I once asked the students in my university class how many deities there were. There was some hurried consultation and the entire class agreed on the answer: there were 8,000,000 deities. I resisted the temptation to ask how the person who counted them arrived at this figure, for the question would have made no sense. The number of deities is thought to be uncountable and 8,000,000 is a traditional figure.11

Most Japanese eat special food during the New Year and try to visit a Shinto shrine on New Year’s Day. Many in Tokyo go to the Meiji Shrine in Shinjuku, where the Emperor Meiji is enshrined. In other words the Emperor is worshipped as a deity at the shrine. Apart from the visit on New Year’s Day, this shrine is often visited by people who pray for a successful delivery in childbirth, or for success in school and university examinations. Whether the Emperor Meiji has any special powers in these two respects is probably something that the visitors never stop to consider. Similarly, a festival is held in April every year at the Aiki Shrine in Iwama, where the Founder of Aikido is also worshipped as a kami of the shrine.

Throughout the year there are festivals organised by the local shrines, some of which are very boisterous. In one local festival in Okayama, crowds of young men dressed only in loin cloths fight to gain possession of a sacred ball, the whole point of the festival being to entertain the deities of the shrine, in order that they will use their special ‘powers’ for the good of the community. Some of these festivals have an explicitly phallic nature and it used to be common for large replicas of the male and female genitalia to be paraded through the streets. The Kanamara Shrine near Kawasaki, for example, is one of about 40 shrines devoted to deities of sex and fertility. The shrine deity is Kana-yama-biko-no-kami and, together with his female partner, was created out of the vomit of Izanami as she gave birth to the fire god and the pair are also traditionally believed to have tried to nurse her back to health afterwards.12 The sexual allusions in the Kojiki will be made clearer below.

The spring rice-planting festivals and autumn harvest festivals are separated by a mid-summer festival in August. This annual Bon festival causes highy-organised chaos on Japan’s transportation systems as people return to their ancestral homes. Why do they do this? They do it because their dead ancestors will make the journey from the spirit world to their ‘homes’ and need to be entertained by their living descendants. Thus in more traditional parts of Japan, lanterns are set up to guide the spirits on their way and Bon festivals are organised to entertain them. These and other festivals are highly ‘alcoholic’ affairs and were probably looked forward to in the past as a welcome excuse from the drudgery of daily work.

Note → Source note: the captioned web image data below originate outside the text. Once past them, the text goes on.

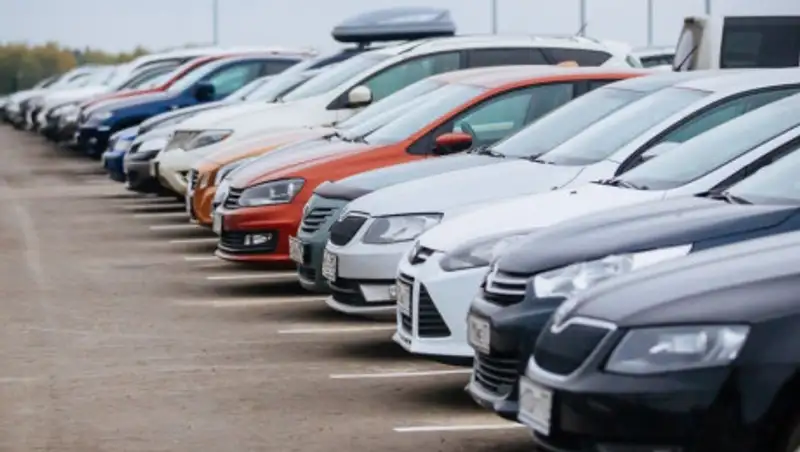 Два из трех автомобилей в Казахстане старше 10 лет
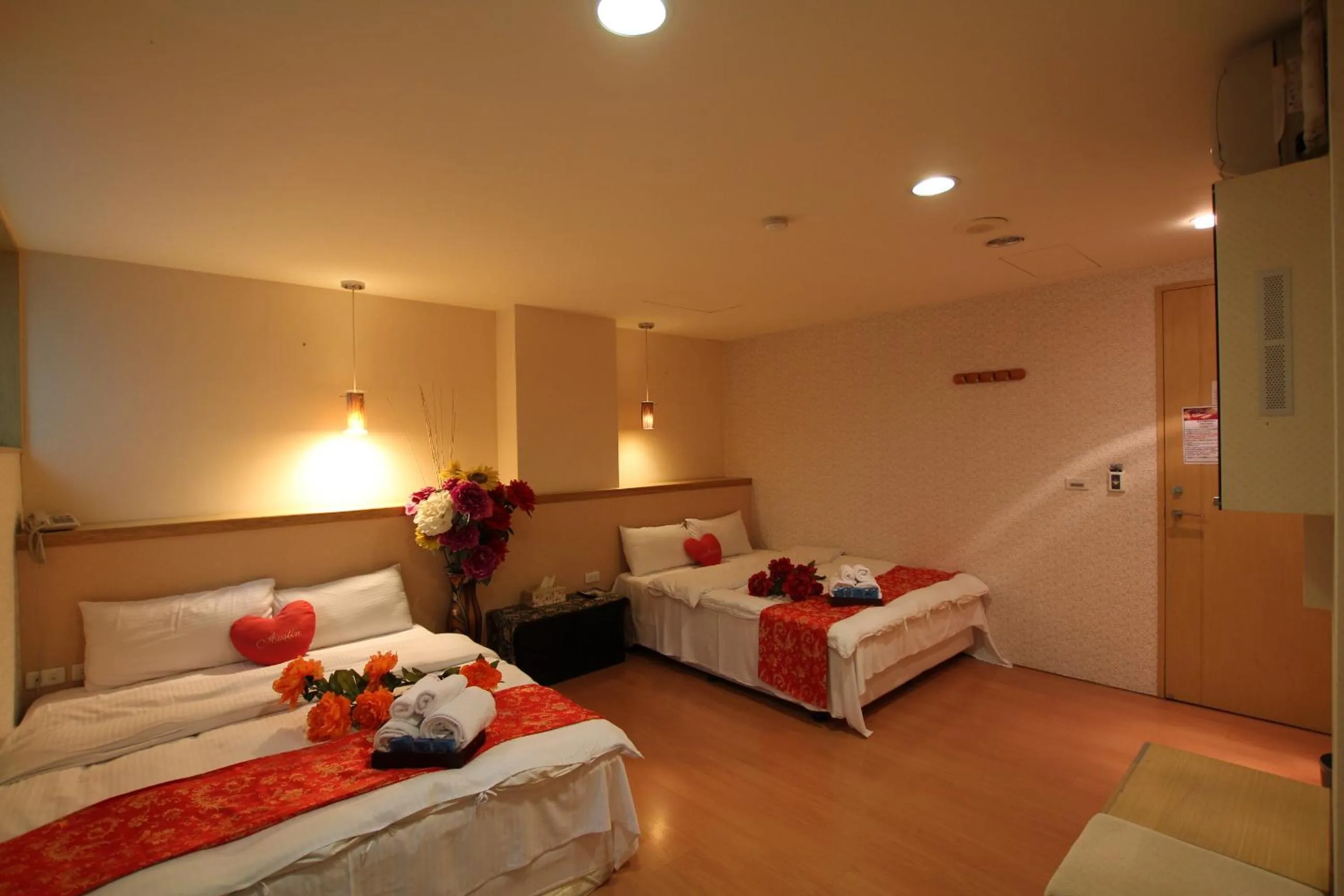 Bed in Tanxiang Resort Hotel Sun Moon Lake Harbour - Sun Moon Lake Pier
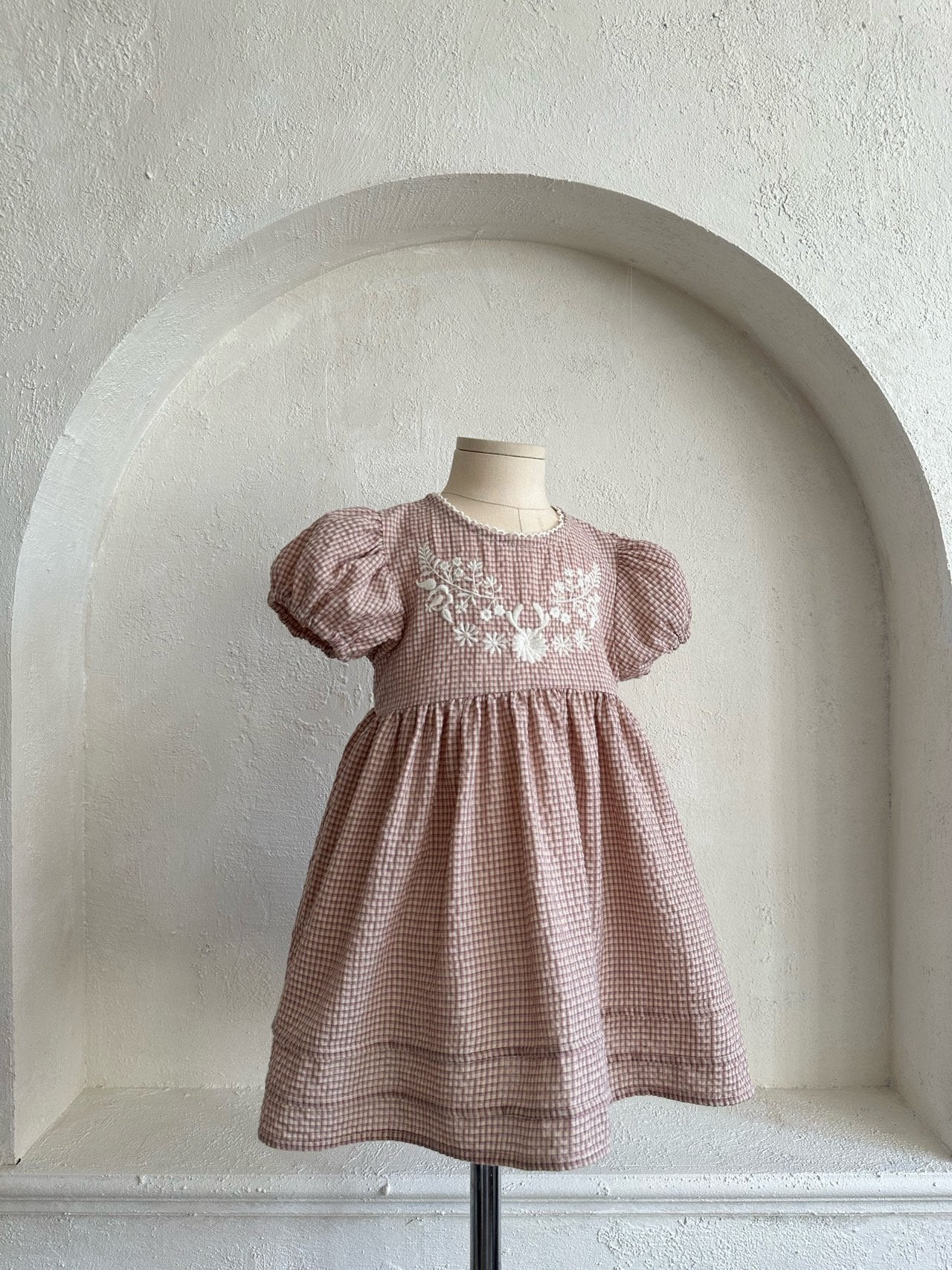 monbebe  /  Hannah 刺繡洋裝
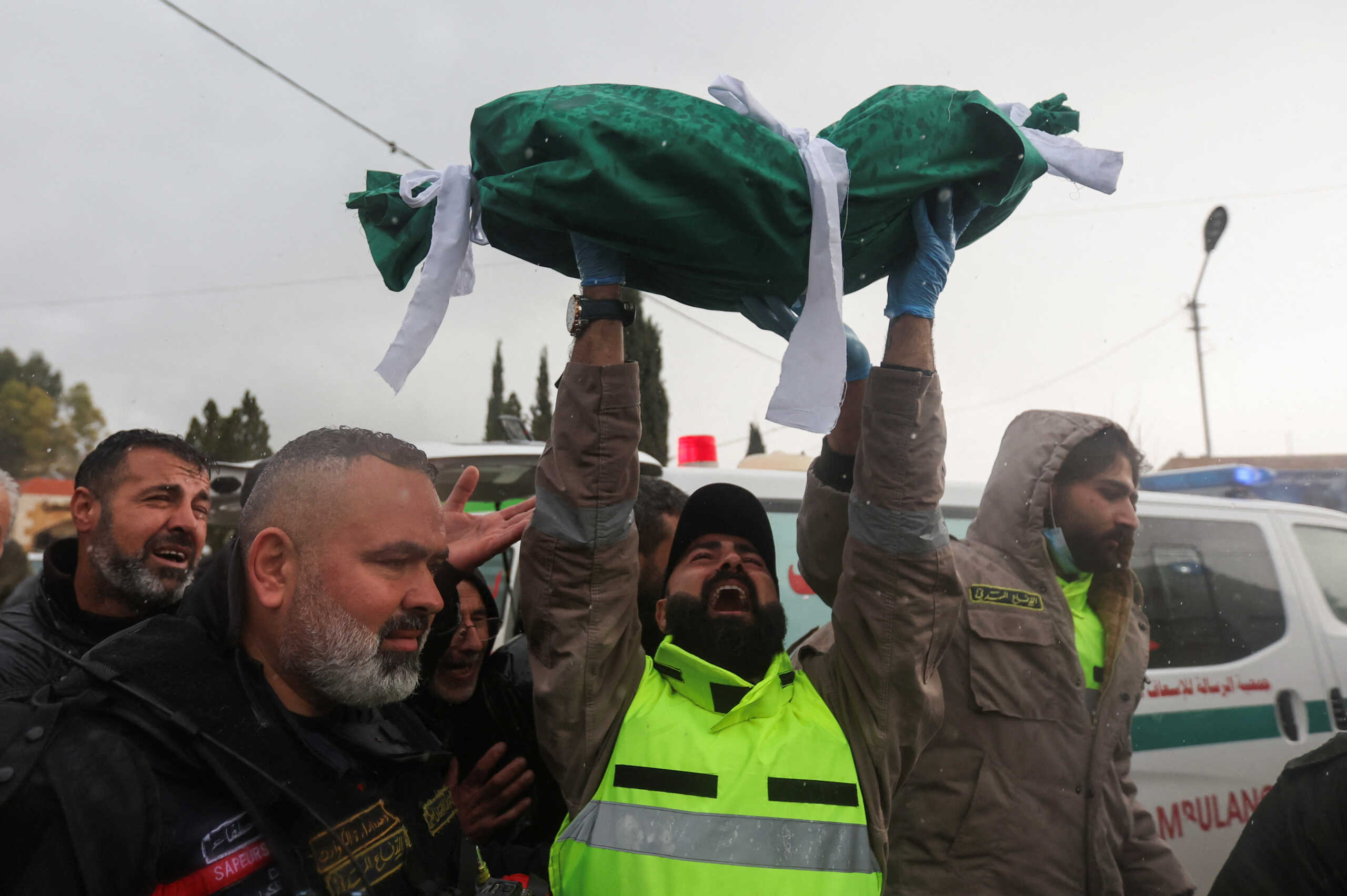 Η Χεζμπολάχ απειλεί με αντίποινα το Ισραήλ μετά τις επιθέσεις που σκότωσαν αμάχους και παιδιά
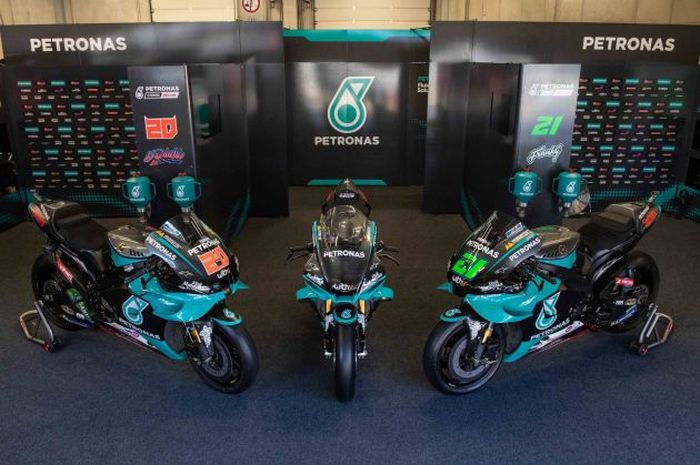 Yamaha YZF-R1 2020 Replika Petronas Yamaha SRT MotoGP bersama Yamaha YZR-R1 tunggangan Fabio Quartararo dan Franco Morbidelli.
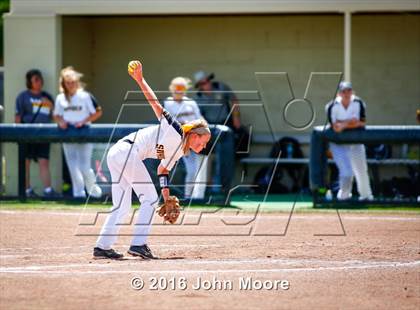 Thumbnail 1 in Snyder vs Seminole (UIL 4A Playoffs) photogallery.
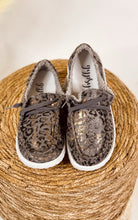 Load image into Gallery viewer, Gypsy Jazz Jazzy Sneaker in Grey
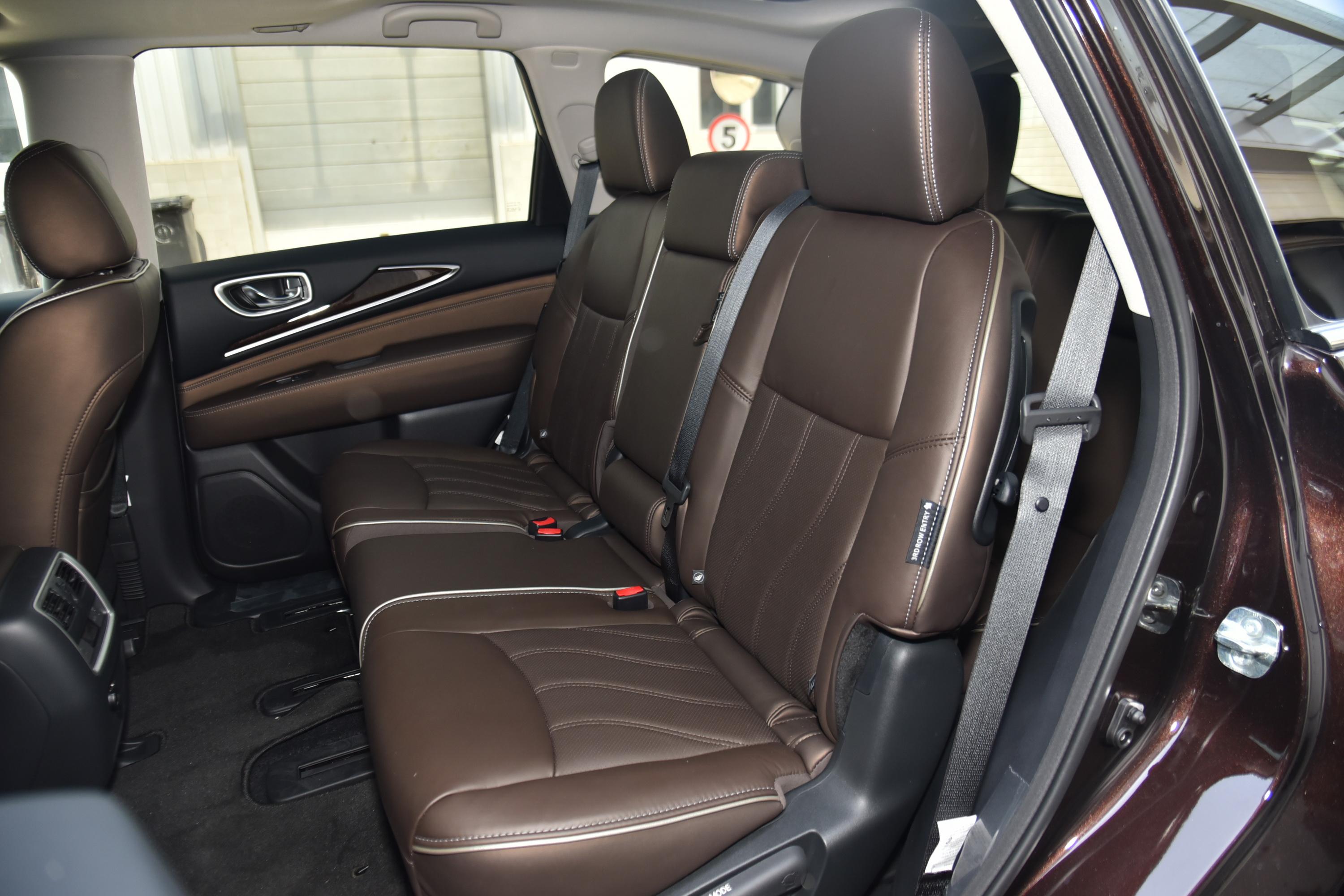 英菲尼迪qx60(进口)内饰_轴距_扭矩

Making objective cross-cultural comparisons is very difficult, but the religious sense of contemporary Japanese does not contain a firm doctrinal element. Nor will one religion be embraced at the expense of another. Young Japanese intending to marry will normally use a wedding hall, with ceremony and reception as one (very expensive) package. The ceremony can be Shinto, Buddhist or Christian, but one should not thereby conclude that they actually believe in the religion according to which their marriage vows are made. There are many reasons for this, but one important reason is that no world religion has ever been allowed to take root in Japan. The Japanese shogunate is renowned for encouraging martial arts to flourish, and was happy for the samurai to practise Zen, but the shogunate ruled by military force. It had a great fear of the potentially destabilising effects of a religion controlled from outside the country and never allowed Buddhism or Christianity to take root as a ‘national’ religion.

It should not be thought that this flexibility in belief is some kind of flippancy. Dealing with the divine is a serious business for Japanese and non-Japanese alike and one’s religious beliefs and attitudes are not the result of some arbitrary choice. For example, when I reached the age of 41, a colleague of mine, who is actually a Christian, strongly urged me to visit a (Shinto) shrine to prepare for yaku-doshi, the traditionally unlucky year for Japanese males. I took her advice and, though I am not Japanese, reached the age of 42 unscathed.

Some Shinto Texts

Most Japanese aikidoists are aware that the Founder embraced Shinto, 13 but they do not usually have any clue about what these beliefs were. The Founder regarded aikido as a martial art based on love (‘love’ in Japanese is also read as ‘ai’, but is a different character from ‘ai’ in ‘aikido’) and in his explanations of this he tended to use the early parts of the Kojiki. For those who are unlikely ever to read the Kojiki, here is a brief summary of these opening chapters.Several deities came into being in the ‘high plain of heaven’ and two of these were known as Izanagi-no-Kami and his spouse Izanami-no-Kami. The two deities were commanded by their colleagues to “complete and solidify this drifting land” (the land had been created earlier but it was drifting like a jellyfish in a kind of oily brine). They were given a ‘heavenly jeweled spear’. They stood on the ‘heavenly floating bridge’ (over which divine beings travelled between heaven and earth) and stirred the brine and lifted up the spear. The brine dripping from the tip of the spear solidified and became an island called Onogoro.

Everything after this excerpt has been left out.